**Aim of the task:**
Starting at the line with "some of you" and ending at the line with "So this is how", print exactly the lines of the entries below. Pictures do not belong in the copy.

**Information provided:**
^^^^^^^^^^^^^^^^

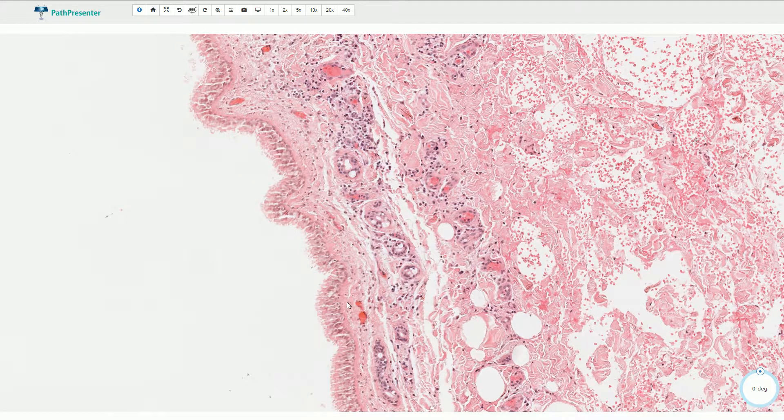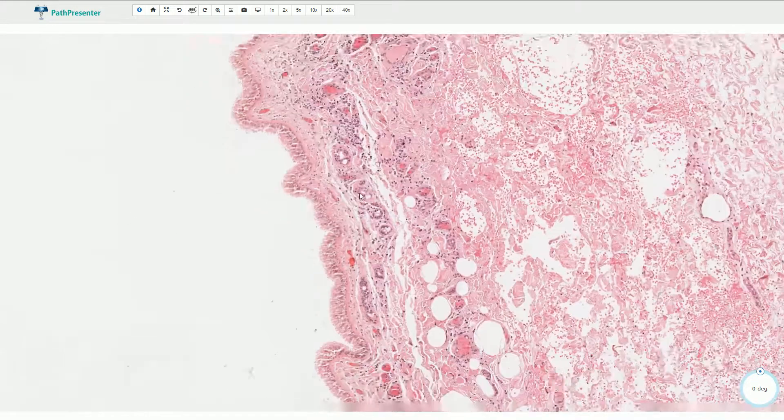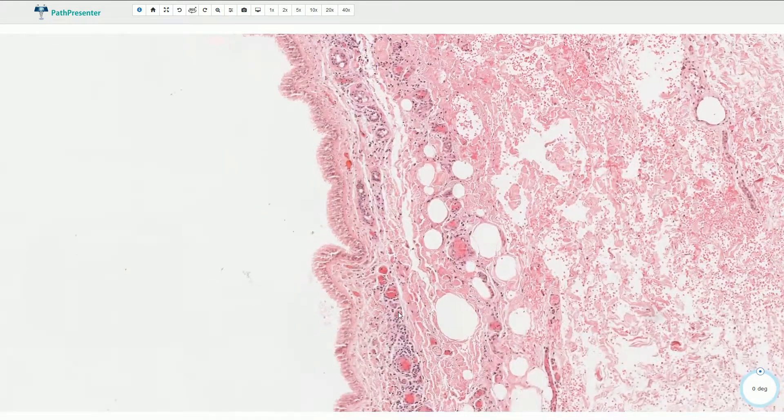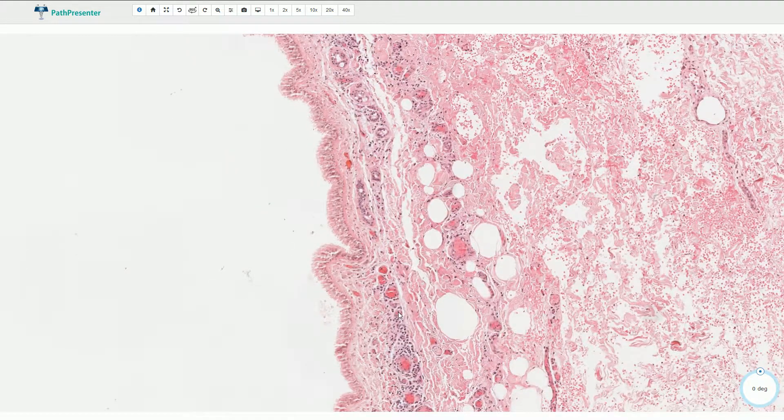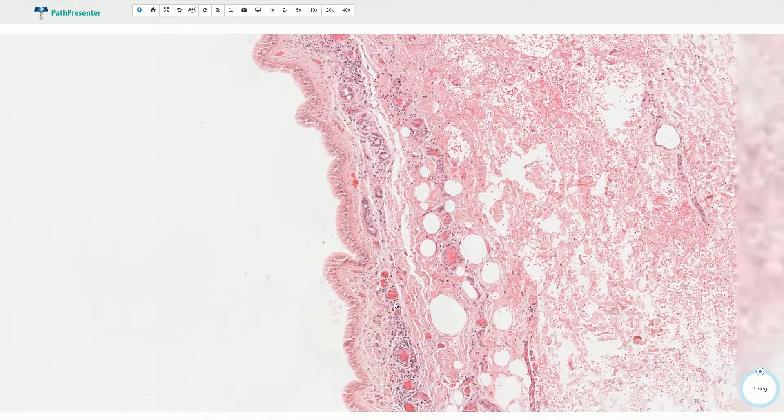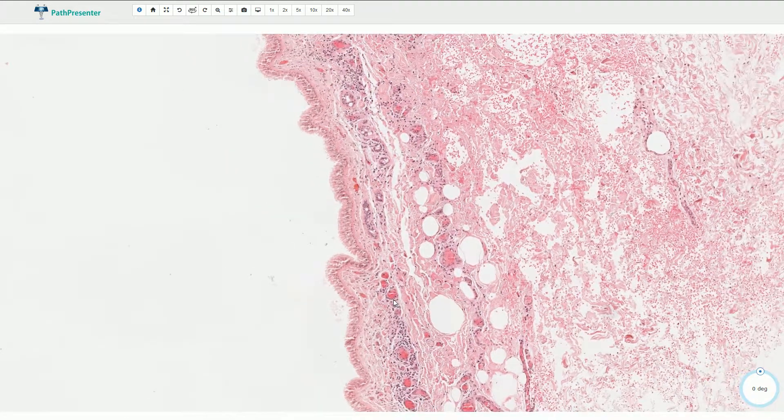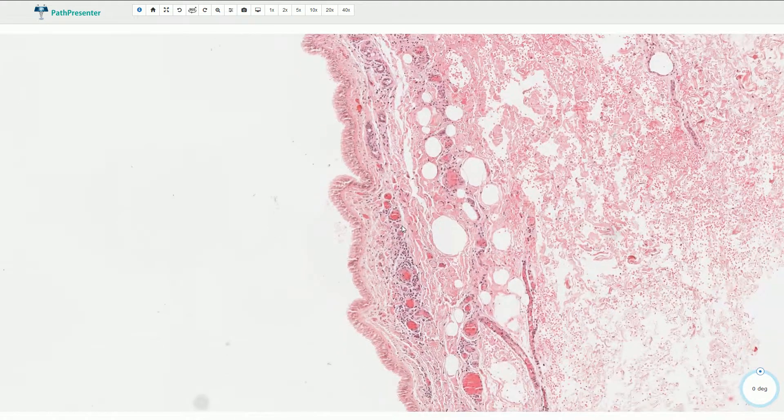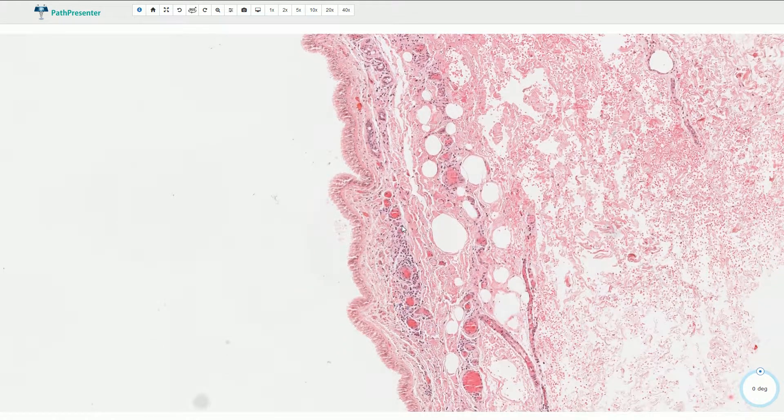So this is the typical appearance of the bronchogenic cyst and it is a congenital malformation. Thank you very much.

^^^^^^^^^^^^^^^^

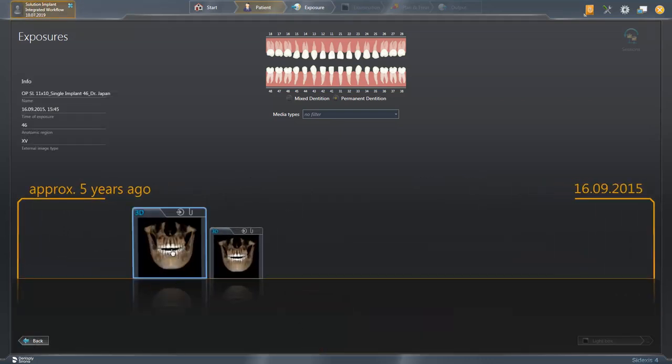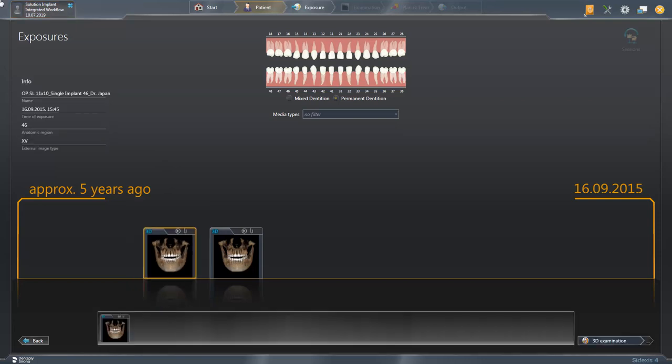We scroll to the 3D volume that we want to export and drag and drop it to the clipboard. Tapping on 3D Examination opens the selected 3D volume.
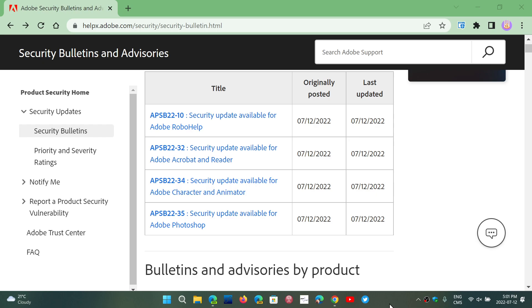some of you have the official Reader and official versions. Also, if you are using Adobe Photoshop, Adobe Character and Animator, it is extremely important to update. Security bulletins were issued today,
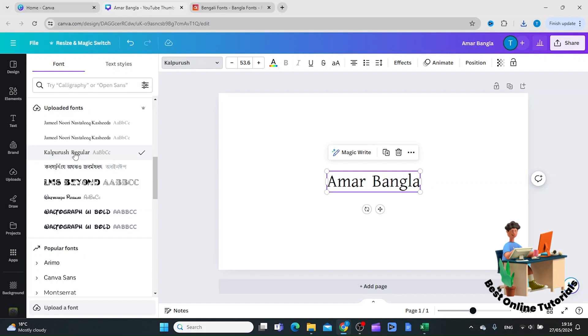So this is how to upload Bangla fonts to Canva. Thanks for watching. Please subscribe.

^^^^^^^^^^^^^^^^

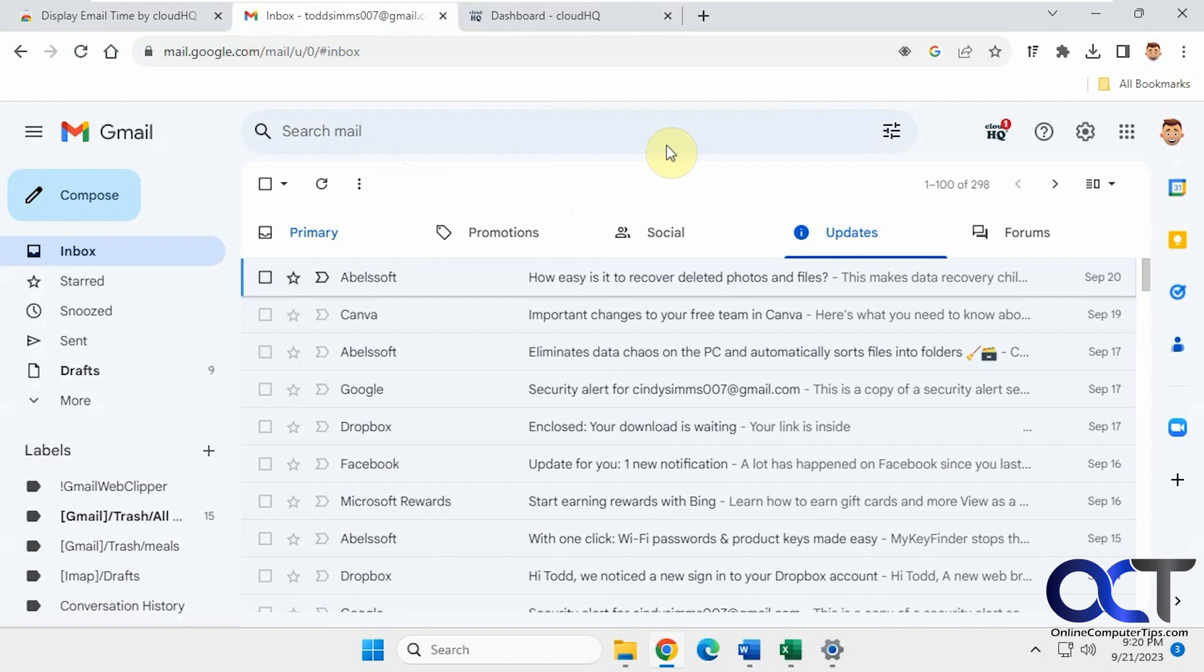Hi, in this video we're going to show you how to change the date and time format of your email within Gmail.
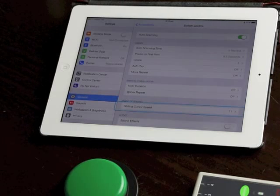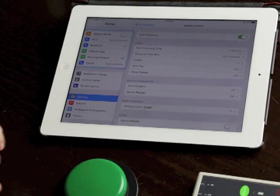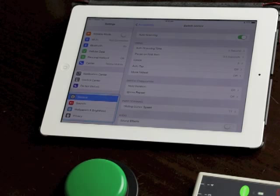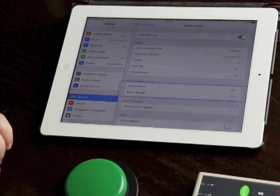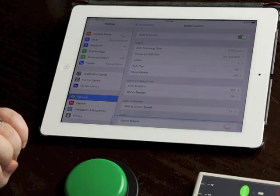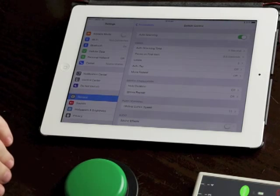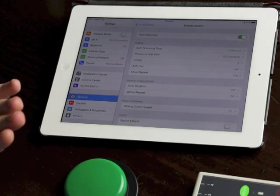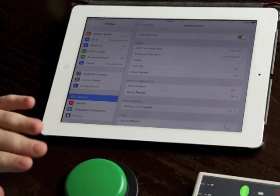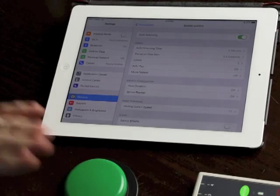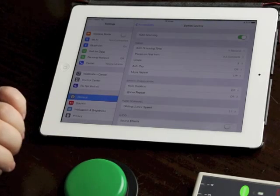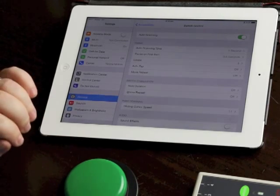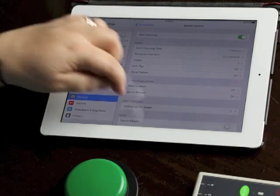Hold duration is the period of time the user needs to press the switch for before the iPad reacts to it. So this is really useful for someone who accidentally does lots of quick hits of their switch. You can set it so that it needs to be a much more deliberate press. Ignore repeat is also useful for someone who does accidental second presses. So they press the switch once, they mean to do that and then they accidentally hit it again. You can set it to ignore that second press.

^^^^^^^^^^^^^^^^

**Problem solution:**
some of you have the official Reader and official versions. Also, if you are using Adobe Photoshop, Adobe Character and Animator, it is extremely important to update. Security bulletins were issued today,
So this is how to upload Bangla fonts to Canva. Thanks for watching. Please subscribe.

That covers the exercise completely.